Hi David, This behavior is not at all uncommon for networking applications that try to send packets as fast as possible. Unicornscan and many other applications exhibit this behavior. The best thing I've come across for trying to avoid this thrashing is to simplify the packet scheduler _as_much_as_possible_. The more logic trying to decide if a packet should be sent or not, the more time is wasted not sending the packet. I'm sure you have a plan for how to take care of the problem and I haven't looked at your modifications but you might try a "best effort" algorithm that enforces a reasonable minimum delay between packets so that if it ends up trying to "catch up" it wont thrash itself into falling farther behind. You really want to send packets at min(desired, thrashing threshold). If you want to determine that threshold you might try something like TCP window scaling to slowly ramp up to the desired rate while carefully trying to detect diminishing marginal returns on the real rate. I look forward to the end-result, sometime sending at N pps is exactly what I want Nmap to do.

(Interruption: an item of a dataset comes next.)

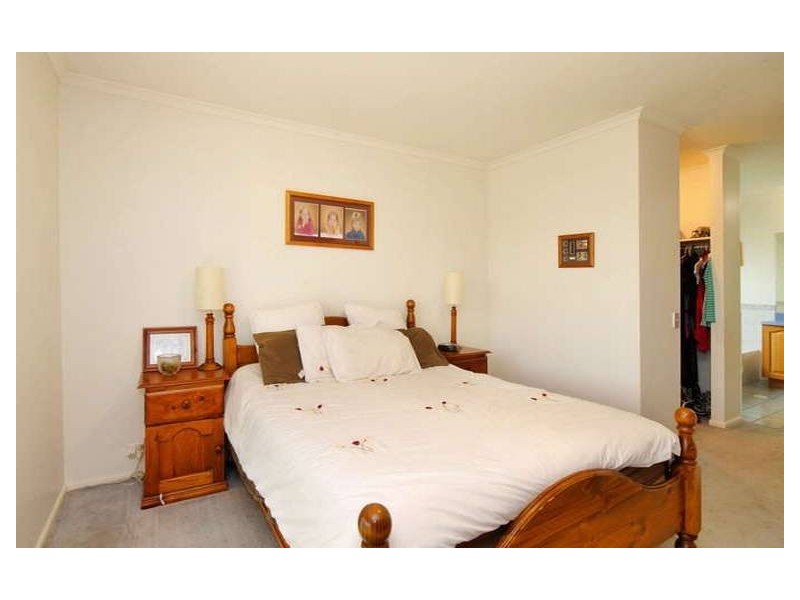 46   Blamey road, Wattle Grove NSW 2173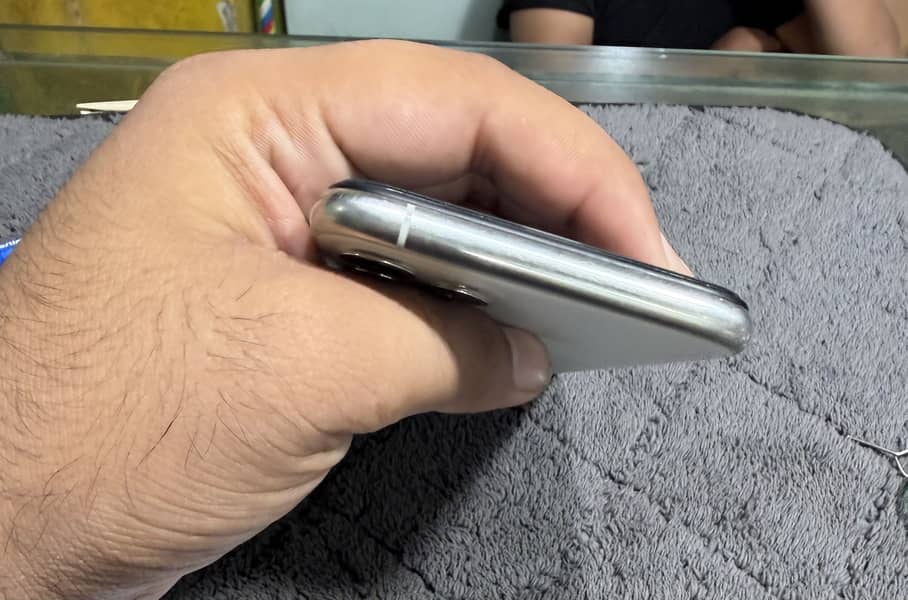 Apple iPhone 11 Pro 5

Brandon -----BEGIN PGP SIGNATURE----- Version: GnuPG v2.0.7 (GNU/Linux) iD8DBQFH5FK1qaGPzAsl94IRAsVaAJ4r058RVpw3tsv2/eCJDFprJgf+SACfSIva IymLEm0HBUN2y3uNl/z75h0= =LCIq -----END PGP SIGNATURE----- _______________________________________________ Sent through the nmap-dev mailing list http://cgi.insecure.org/mailman/listinfo/nmap-dev Archived at http://SecLists.Org
Current thread:
- Re: [nmap-svn] r6963 - nmap-exp/david/nmap-fixed-rate Brandon Enright (Mar 21)
- Re: [nmap-svn] r6963 - nmap-exp/david/nmap-fixed-rate Fyodor (Mar 21)
- Re: [nmap-svn] r6963 - nmap-exp/david/nmap-fixed-rate Kris Katterjohn (Mar 21)
- Re: [nmap-svn] r6963 - nmap-exp/david/nmap-fixed-rate David Fifield (Mar 22)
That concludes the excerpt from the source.